One range is to be output from the listing below, exactly as written: the line with "Let's take a" to the line with "For example, you", both kept.

═══ Supplied material ═══

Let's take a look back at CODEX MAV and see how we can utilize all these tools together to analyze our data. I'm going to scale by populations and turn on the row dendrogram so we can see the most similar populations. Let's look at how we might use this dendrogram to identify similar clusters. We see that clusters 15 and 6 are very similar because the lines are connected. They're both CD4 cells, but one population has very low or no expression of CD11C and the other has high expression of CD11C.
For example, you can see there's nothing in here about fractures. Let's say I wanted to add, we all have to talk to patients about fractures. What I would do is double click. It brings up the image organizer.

═══
═══ Supplied material ═══

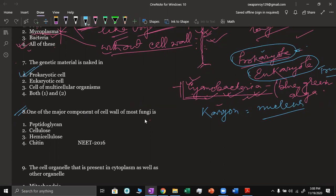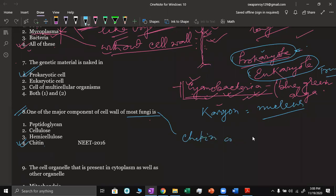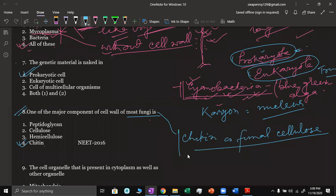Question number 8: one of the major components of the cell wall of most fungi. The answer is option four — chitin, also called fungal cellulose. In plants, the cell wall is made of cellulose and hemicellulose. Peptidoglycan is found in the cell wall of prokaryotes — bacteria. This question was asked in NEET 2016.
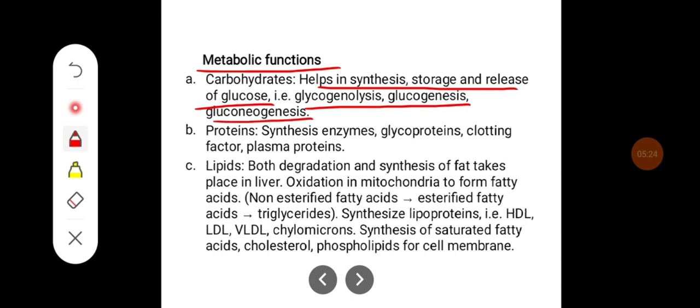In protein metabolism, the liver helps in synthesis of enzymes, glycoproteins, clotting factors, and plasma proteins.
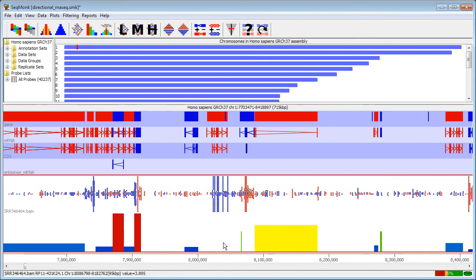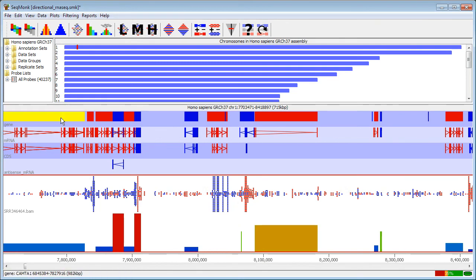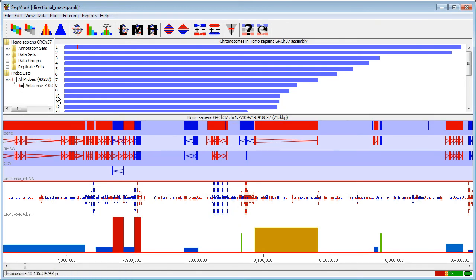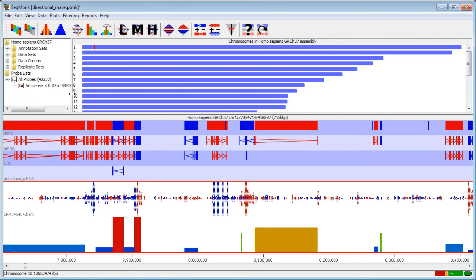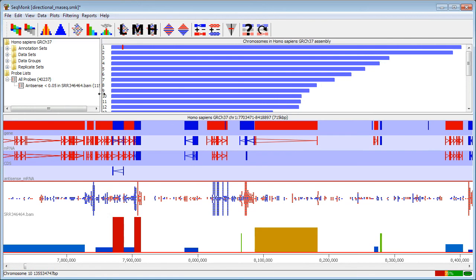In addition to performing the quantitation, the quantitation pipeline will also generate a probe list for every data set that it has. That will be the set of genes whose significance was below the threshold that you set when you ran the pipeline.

═══

▶ Reply to the exercise:
Let's take a look back at CODEX MAV and see how we can utilize all these tools together to analyze our data. I'm going to scale by populations and turn on the row dendrogram so we can see the most similar populations. Let's look at how we might use this dendrogram to identify similar clusters. We see that clusters 15 and 6 are very similar because the lines are connected. They're both CD4 cells, but one population has very low or no expression of CD11C and the other has high expression of CD11C.
For example, you can see there's nothing in here about fractures. Let's say I wanted to add, we all have to talk to patients about fractures. What I would do is double click. It brings up the image organizer.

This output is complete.